A 2015 National Book Award Finalist, this novel spans fifty years, following the lives of four friends from college to middle age. The story is absolutely beautiful and brutal, exploring themes of child abuse, trauma and recovery, and the limits of friendship and love. This is the kind of book that takes over your life while you read it, and inspires visceral reactions on every page.

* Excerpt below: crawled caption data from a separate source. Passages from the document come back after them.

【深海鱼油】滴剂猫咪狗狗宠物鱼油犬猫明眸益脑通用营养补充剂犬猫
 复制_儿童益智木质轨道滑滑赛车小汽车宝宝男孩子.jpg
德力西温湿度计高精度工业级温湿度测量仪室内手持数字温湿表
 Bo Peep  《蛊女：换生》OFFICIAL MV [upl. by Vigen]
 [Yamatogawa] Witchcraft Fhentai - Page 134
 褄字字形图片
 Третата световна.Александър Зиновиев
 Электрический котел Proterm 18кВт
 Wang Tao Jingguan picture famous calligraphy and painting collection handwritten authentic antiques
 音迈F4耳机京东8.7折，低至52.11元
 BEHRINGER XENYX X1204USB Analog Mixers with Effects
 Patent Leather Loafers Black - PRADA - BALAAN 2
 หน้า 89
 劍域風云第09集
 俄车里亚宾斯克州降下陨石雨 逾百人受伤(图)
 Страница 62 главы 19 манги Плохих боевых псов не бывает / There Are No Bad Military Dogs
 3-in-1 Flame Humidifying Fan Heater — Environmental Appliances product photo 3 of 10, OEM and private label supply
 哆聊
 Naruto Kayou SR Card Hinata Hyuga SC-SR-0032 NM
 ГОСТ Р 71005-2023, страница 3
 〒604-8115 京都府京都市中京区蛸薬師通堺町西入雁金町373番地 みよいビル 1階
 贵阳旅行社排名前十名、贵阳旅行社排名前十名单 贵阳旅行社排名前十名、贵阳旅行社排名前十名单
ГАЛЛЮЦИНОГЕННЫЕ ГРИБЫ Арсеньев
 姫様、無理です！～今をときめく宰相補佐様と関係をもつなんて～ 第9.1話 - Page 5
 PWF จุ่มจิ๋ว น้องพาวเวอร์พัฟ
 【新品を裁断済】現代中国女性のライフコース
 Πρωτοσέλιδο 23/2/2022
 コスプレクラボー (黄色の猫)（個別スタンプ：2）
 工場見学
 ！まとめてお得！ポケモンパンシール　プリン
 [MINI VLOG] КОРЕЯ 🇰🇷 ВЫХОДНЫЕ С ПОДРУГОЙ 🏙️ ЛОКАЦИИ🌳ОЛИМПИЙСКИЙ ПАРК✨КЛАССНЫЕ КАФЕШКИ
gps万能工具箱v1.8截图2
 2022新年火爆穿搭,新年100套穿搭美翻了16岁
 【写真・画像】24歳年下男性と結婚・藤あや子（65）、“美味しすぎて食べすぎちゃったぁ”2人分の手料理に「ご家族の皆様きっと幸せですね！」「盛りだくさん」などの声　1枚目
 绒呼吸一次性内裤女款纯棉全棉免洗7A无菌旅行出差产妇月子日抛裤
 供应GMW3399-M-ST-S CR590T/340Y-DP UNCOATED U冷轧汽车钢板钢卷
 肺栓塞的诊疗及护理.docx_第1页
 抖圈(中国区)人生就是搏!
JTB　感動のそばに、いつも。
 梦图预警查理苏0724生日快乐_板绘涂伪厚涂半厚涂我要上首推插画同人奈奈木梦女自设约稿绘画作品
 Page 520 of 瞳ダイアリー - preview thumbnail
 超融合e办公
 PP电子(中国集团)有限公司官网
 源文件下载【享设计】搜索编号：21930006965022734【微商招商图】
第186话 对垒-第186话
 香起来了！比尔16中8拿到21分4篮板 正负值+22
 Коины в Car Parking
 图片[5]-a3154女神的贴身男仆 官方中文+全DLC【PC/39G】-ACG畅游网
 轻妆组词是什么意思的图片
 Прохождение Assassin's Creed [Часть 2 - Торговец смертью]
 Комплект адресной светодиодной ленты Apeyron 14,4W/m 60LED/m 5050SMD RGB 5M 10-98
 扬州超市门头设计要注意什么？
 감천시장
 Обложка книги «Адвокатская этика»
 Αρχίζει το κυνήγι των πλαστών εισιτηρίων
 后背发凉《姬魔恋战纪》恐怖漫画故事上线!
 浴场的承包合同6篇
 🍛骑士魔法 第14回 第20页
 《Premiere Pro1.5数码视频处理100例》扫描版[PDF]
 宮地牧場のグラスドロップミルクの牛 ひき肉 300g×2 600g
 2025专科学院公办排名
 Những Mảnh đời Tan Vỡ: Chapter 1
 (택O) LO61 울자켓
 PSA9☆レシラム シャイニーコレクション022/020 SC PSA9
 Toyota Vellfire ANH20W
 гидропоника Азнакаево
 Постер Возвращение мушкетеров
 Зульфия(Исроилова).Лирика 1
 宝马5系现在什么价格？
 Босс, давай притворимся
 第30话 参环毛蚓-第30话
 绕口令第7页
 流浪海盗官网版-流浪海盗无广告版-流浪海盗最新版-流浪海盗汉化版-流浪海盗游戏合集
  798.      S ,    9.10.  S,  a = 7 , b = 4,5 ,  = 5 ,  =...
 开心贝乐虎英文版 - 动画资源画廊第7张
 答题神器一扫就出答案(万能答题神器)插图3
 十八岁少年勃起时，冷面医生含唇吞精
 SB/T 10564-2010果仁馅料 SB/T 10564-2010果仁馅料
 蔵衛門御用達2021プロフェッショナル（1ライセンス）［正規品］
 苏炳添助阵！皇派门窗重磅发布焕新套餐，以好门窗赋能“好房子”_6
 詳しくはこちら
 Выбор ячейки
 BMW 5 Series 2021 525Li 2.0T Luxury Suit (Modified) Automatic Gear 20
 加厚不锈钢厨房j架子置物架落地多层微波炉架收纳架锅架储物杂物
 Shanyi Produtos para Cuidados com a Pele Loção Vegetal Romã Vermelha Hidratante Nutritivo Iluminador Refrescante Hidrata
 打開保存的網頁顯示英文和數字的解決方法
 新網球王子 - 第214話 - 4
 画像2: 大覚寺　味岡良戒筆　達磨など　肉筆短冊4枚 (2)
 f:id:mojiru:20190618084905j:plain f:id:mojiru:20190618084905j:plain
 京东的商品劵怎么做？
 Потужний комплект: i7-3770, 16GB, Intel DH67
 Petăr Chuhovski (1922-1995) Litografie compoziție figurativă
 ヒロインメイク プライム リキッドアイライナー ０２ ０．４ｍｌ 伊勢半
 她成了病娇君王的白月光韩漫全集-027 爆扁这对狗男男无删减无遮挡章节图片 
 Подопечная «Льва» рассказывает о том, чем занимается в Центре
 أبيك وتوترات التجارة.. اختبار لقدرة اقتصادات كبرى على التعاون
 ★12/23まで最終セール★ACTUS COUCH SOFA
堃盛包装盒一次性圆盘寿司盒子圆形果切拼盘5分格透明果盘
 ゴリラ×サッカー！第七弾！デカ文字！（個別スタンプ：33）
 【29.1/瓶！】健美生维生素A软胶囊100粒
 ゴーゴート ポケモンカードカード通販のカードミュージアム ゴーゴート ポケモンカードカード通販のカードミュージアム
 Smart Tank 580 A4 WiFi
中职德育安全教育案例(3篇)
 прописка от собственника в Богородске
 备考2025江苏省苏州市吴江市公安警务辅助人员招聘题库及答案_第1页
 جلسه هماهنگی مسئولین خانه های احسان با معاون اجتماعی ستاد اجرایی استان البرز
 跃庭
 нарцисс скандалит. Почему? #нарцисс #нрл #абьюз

Willowdean Dickson (nicknamed Dumplin' by her beauty queen Mom) is a big girl and she is almost totally comfortable with her size. The book takes her through romantic encounters that test her confidence, but the big challenge is entering the "Miss Teen Blue Bonnet" beauty pageant and parading across the stage in a bathing suit.
Willowdean is a hero and this is an excellent book for everyone - not just teens. It is filled with humor and a sprinkling of teen angst.
Originally written as an article in the Vanity Fair, Junger expands his thoughts of what it means to be part of a tribe in past and current societies. In times of great peril, typically during war times, human societies have found more connection and a deeper sense of self and place. Junger examines this phenomenon and further dives into current issues facing society locally and globally. At times this book made me feel sad, uncomfortable, reflective, shocked, and deeply moved. Junger pushes his readers to analyze the meaning of our lives and our communities we live in. One of my top reads of 2016!
This delightful animated movie will entertain kids and adults, alike! A misunderstood alien and a brave young girl find themselves on a wild adventure while on the hunt for "My Mom". Despite their cultural differences, this duo is able to teach each other the importance of courage and friendship. Check this movie out for your next Family Movie Night!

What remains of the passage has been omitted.